The glycemic load (GL) is a powerful nutritional tool that offers a more accurate picture of a food's effect on blood sugar than the glycemic index (GI) alone. While some foods, like pure fats and proteins, have a zero glycemic load, many fibrous carbohydrates and specific nuts and seeds also rank exceptionally low.

Quick Summary

This guide provides a comprehensive overview of the foods with the lowest glycemic load, including non-starchy vegetables, lean proteins, healthy fats, and specific fruits and legumes. It explains the difference between glycemic index and glycemic load and outlines the significant health benefits of choosing low GL foods, such as improved blood sugar management, appetite control, and heart health.

Key Points

  • Zero GL Foods: Pure proteins like meat, fish, eggs, and fats like olive oil and butter have a glycemic load of zero, as they contain no carbohydrates.
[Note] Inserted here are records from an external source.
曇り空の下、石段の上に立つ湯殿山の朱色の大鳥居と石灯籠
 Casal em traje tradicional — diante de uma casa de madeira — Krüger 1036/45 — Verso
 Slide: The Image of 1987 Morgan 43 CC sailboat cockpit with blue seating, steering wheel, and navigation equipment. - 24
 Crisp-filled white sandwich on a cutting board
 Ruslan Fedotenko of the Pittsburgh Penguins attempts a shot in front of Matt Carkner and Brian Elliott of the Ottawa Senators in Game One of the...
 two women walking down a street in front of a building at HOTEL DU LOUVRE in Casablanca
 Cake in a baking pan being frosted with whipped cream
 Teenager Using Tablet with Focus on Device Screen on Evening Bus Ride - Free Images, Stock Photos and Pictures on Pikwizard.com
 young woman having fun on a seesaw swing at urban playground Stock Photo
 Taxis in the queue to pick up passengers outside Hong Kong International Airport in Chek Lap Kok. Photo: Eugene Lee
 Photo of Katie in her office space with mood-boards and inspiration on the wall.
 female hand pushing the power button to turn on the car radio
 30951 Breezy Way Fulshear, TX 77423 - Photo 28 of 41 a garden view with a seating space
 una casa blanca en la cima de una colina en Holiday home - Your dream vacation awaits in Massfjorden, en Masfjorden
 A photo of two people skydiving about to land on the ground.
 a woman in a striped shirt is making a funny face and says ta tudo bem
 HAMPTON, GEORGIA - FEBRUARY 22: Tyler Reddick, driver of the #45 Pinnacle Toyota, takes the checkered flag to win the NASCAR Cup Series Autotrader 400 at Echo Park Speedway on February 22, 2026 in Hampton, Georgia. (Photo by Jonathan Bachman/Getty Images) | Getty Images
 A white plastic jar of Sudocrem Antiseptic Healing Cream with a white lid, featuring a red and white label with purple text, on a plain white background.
  • Very Low GL Vegetables: Non-starchy vegetables such as spinach, broccoli, peppers, and zucchini have very low carbohydrate content, giving them a negligible glycemic load.

  • Low GL Nuts and Seeds: Nuts like peanuts, almonds, and macadamias are excellent low-GL options due to their high fiber, protein, and fat content.

  • Low GL Legumes: Lentils, chickpeas, and soybeans are high in fiber and protein, making them low-GL carbohydrate sources.

  • Low GL Fruits: Berries, cherries, and grapefruit have low GL scores because of their high fiber and water content.

  • GL is Better than GI: Glycemic Load (GL) is a more accurate measure than Glycemic Index (GI) because it considers real-world portion sizes, not just how fast a food raises blood sugar.

  • Health Benefits: A low-GL diet can help manage blood sugar, aid in weight loss by promoting satiety, and reduce the risk of heart disease.

In This Article

Understanding the Difference: Glycemic Index vs. Glycemic Load

Before diving into the foods with the lowest glycemic load, it's crucial to understand the distinction between glycemic index (GI) and glycemic load (GL).

  • Glycemic Index (GI): This is a measure of how quickly a food's carbohydrates raise blood glucose levels. Foods are ranked on a scale from 0 to 100, relative to pure glucose (100).
  • Glycemic Load (GL): The GL provides a more complete picture by combining the GI with a realistic portion size. This shows the actual impact of a food on your blood sugar, as a food with a high GI but low carbohydrate content can still have a low GL. The formula is: GL = (GI x grams of available carbohydrate) / 100.

Foods with the lowest glycemic load (negligible to low)

Many foods have a glycemic load of zero or are extremely low because they contain minimal or no carbohydrates, or because their fiber, protein, and fat content significantly slows down glucose absorption.

Proteins and Fats (Zero GL)

Pure protein and fat sources contain virtually no carbohydrates, giving them a glycemic load of zero.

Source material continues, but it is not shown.